**Problem description**
Output the whole listing exactly, with no pictures.

**Extracted records**
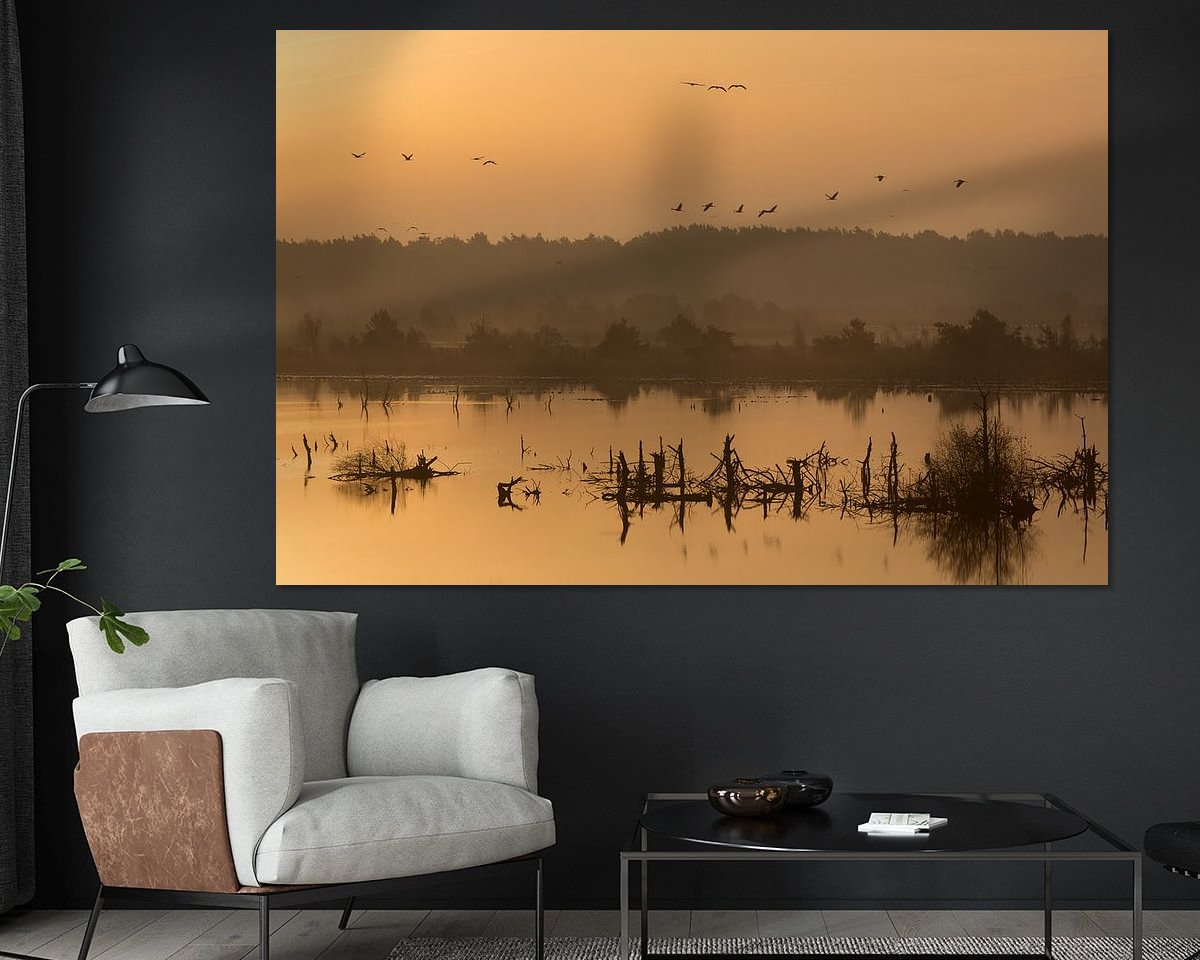 Voorbeeld van het werk in een kamer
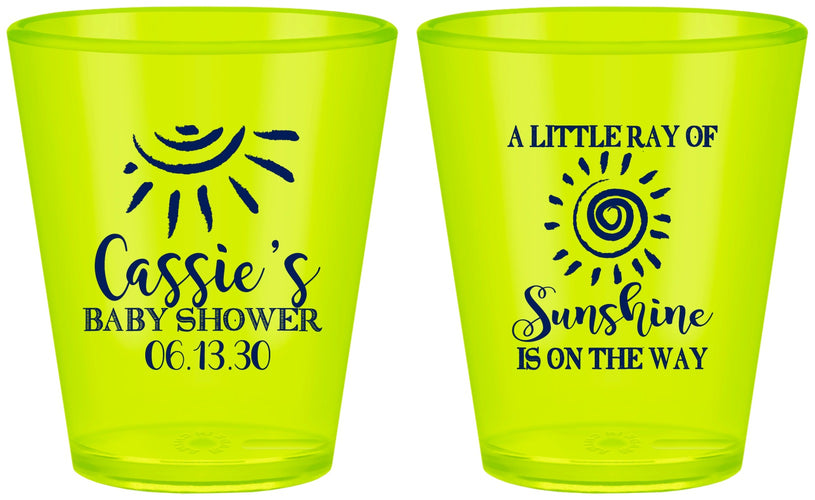 Custom Baby Shower Plastic Shot Glasses - Sunshine | 90179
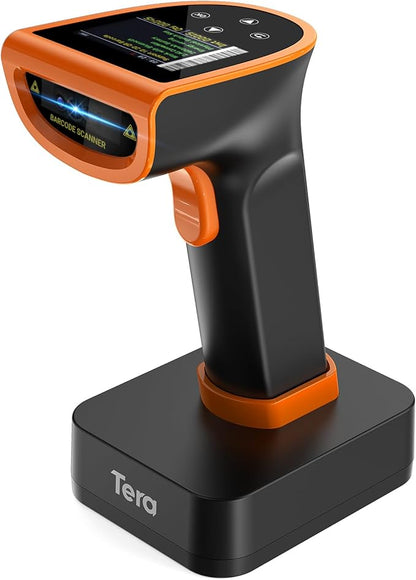 Tera Barcode Scanner Wireless with Screen: Pro Version 1D 2D QR with Digital Setting Keypad Power Switch Charging Cradle Works with Bluetooth 2.4G Wireless Bar Code Reader HW0015 Orange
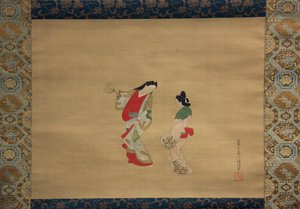 Donna e attendente da Nishikawa Sukenobu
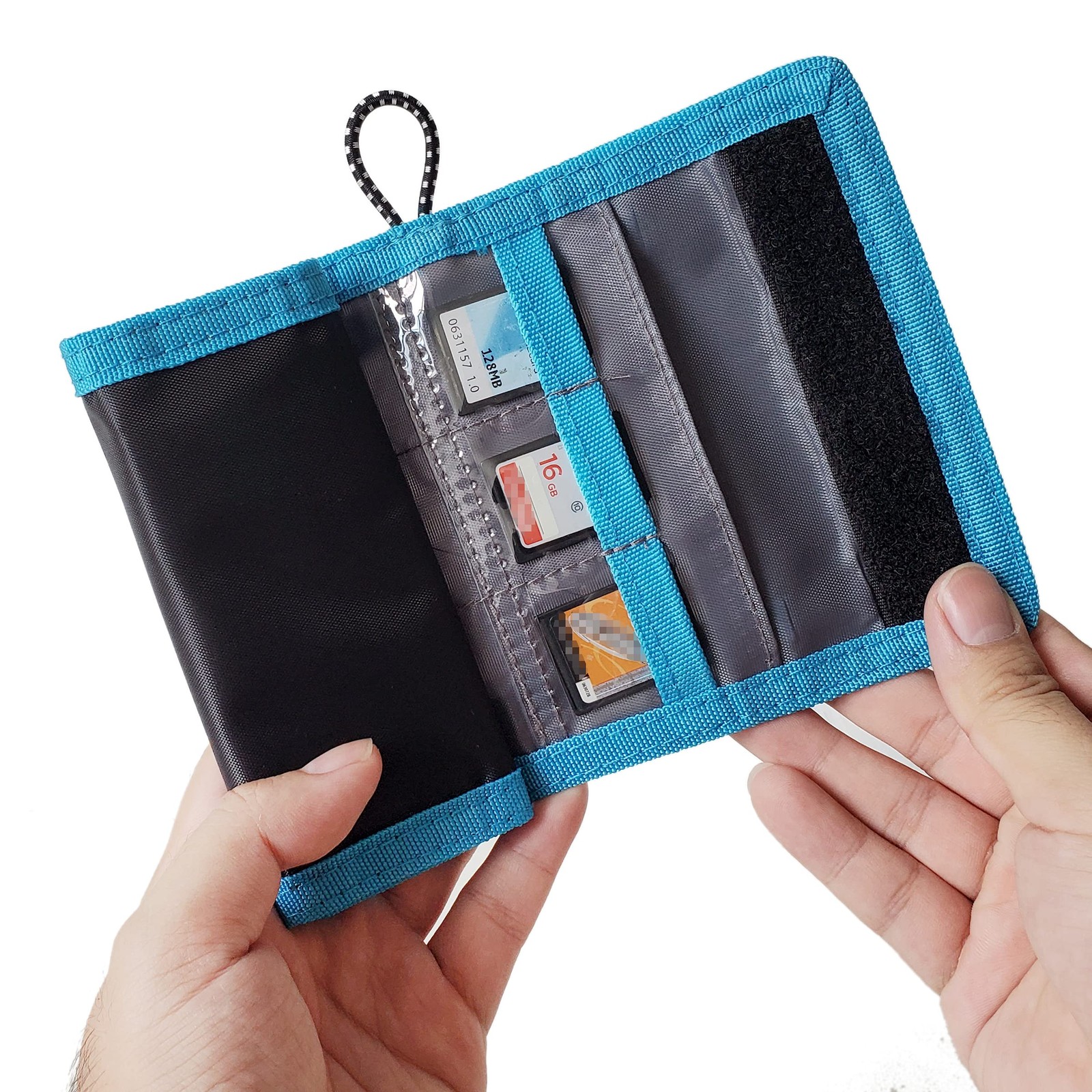 Memory Card Wallet - SD Storage - Slim and for Cards - Black & Blue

**Answer to this task**
 Voorbeeld van het werk in een kamer
 Custom Baby Shower Plastic Shot Glasses - Sunshine | 90179
 Tera Barcode Scanner Wireless with Screen: Pro Version 1D 2D QR with Digital Setting Keypad Power Switch Charging Cradle Works with Bluetooth 2.4G Wireless Bar Code Reader HW0015 Orange
 Donna e attendente da Nishikawa Sukenobu
 Memory Card Wallet - SD Storage - Slim and for Cards - Black & Blue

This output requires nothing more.